Dogville, un film qui m'a laissé une drôle d'impression. ( Spoilers à venir)
En fait sur le coup on peut dire que j'ai vraiment "adoré". En fait, le sentiment de frustration a dominé pendant une bonne partie du film.
Je commence d'abord par ce qui m'a énormément plu à savoir le parti pris visuel. L'esthétique épurée de Dogville est pour moi une ingénieuse trouvaille, on se sent voyeur, omniscient mais aussi on ressent comme un sentiment de claustrophobie avec cette ville que l'on observe vivre pendant 3 heures et ce sans issue de secours ou presque. Ce parti pris donne ainsi au spectateur le droit d'observer et en même temps de juger tout en laissant le film dérouler sa liste de personnages et les caractères propres à chacun qui forment une fois ensemble un caractère commun, plein de mystères mais aussi de noirceur.

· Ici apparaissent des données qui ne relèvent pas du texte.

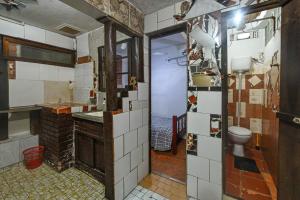 阿雷格里港Residentour的一间带水槽和卫生间的浴室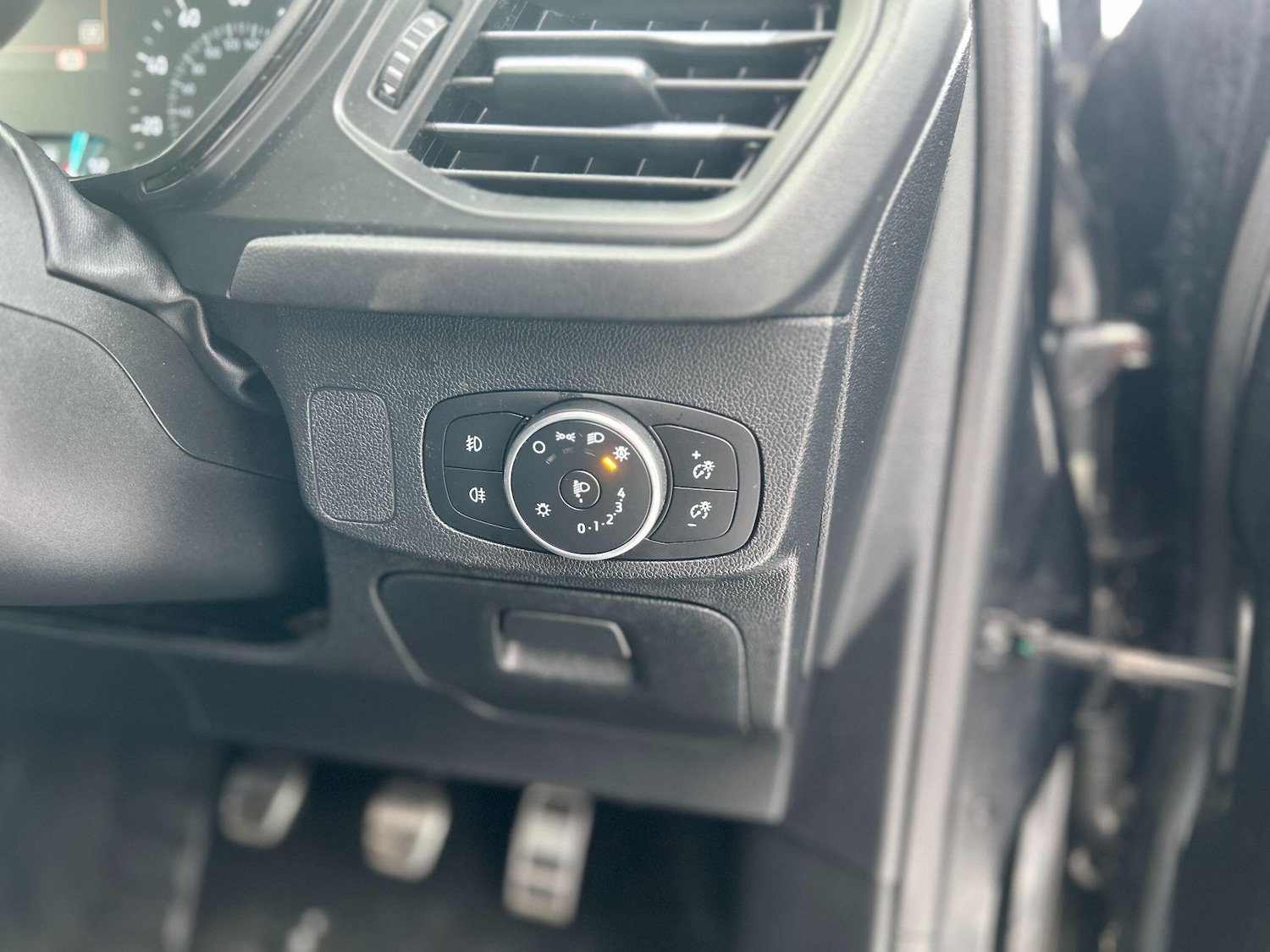 Used Ford Focus 2019 for sale - 77131129: Photo 15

Grace (Nicole Kidman) débarque dans cette ville après avoir été poursuivie par des assaillants. Pour s'intégrer elle va proposer son aide à tous les habitants afin de se sentir utile à Dogville. Sa rencontre avec Tom (Paul Bettany) ets l'élement-clé car c'est ce dernier qui la guidera, qui semblera être l'habitant idéal, la seule personne viable. Mais plus le temps passe et plus Dogville prend des allures de prison pour Grace, sentiment qui va de pair avec le spectateur car nous ressentons la même chose, ce sentiment de ne jamais pouvoir sortir de cette ville qui semble s'obscurcir au fur et à mesure que nos minutes de visionnage s'écoulent. La manière de filmer de Lars Von Trier m'a un peu étonné, la caméra semble hésitante, tremblante, les changements de plan sur une même séquence sont fréquents mais en fin de compte ça m'a pas gêné, même si je m'attendais à quelque chose de relativement plus posé, du moins de plus lisse.

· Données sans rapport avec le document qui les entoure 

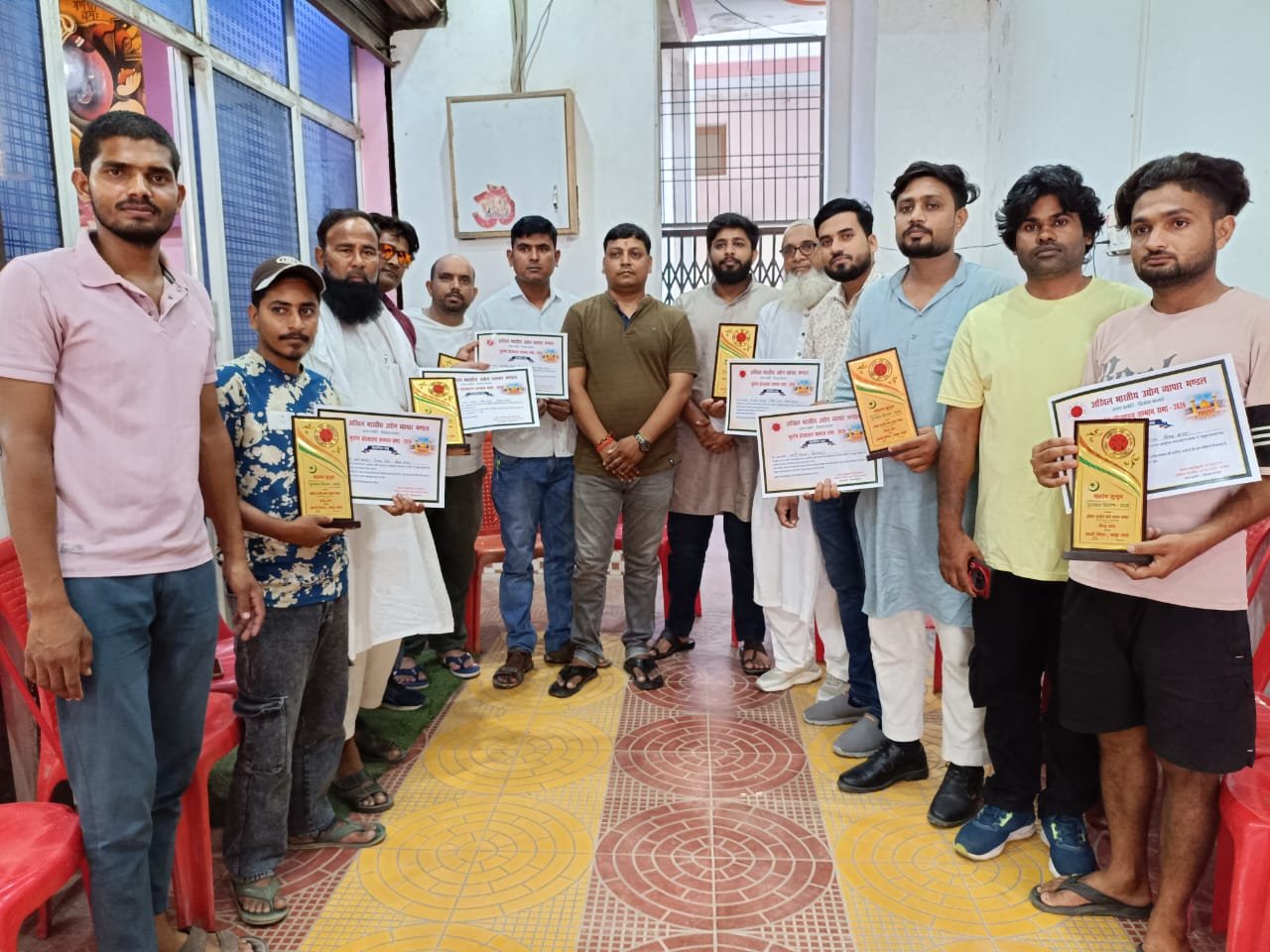 अखिल भारतीय उद्योग व्यापार मंडल ने मोहर्रम अखाड़ों के उस्ताद व संचालकों को किया सम्मानित, दिए शील्ड व प्रशस्ति-पत्र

Au niveau de l'interprétation on a du lourd, Kidman est superbe dans son rôle de réfugiée devenue victime et Paul Bettany, qui décroche pour moi le meilleur rôle du film, est bluffant, vraiment il réalise une grande performance mais il faut dire aussi que son personnage relève du génie, Tom est une sorte de diable dont le masque d'ange s'estompe tout doucement et sans prévenir. En revanche le personnage de Grace, même si Nicole Kidman est une interprète de grande qualité, m'a laissé un goût mitigé. J'ai trouvé sa réaction beaucoup trop tardive, on la sait impuissante mais LVT fait trainer sa "rebellion", honnêtement on ne dirait qu'elle ne réagira jamais, je trouve que c'est horriblement malsain d'imposer ça à un personnage et au spectateur qui s'attache à elle. C'est la première fois que je ressens ce genre de sensation pour un personnage, car la voir violée, enchainée, emprisonnée dans cette ville infernale m'a fait du mal pour elle. La violence de la séquence finale par contre est un véritablement soulagement, qu'est-ce qu'on se sent bien après ça! Mais après j'ai trouvé que le motif de "dispute" entre le père et la fille était assez flou, est-ce une volonté du réalisateur? Je n'en sais rien, mais le motif me semblait obscur. Après le générique de fin m'a laissé perplexe, dans le genre "tue l'ambiance" y a pas mieux . Enfin j'imagine que ce générique est surtout un échappatoir pour le spectateur, après tout on vient de passer 3 heures à Hellville.
En fait je crois que j'apprécierais vraiment plus le film à un deuxième visionnage. Maintenant je sais à quoi m'attendre et le drôle de sentiment de frustration que j'ai ressenti n'aura plus lieu d'être. En tout cas je tire mon chapeau à ce film, c'est une expérience enrichissante, composée d'une forme travaillée et originale au servir d'un scénario obscur qui peint avec brio la noirceur de l'être humain et emprisonne le spectateur qui le suit au même titre que Grace. Un film d'une grande intelligence qu'il faudra que je revois absolument afin de mieux l'apprécier, en tout cas c'est du lourd.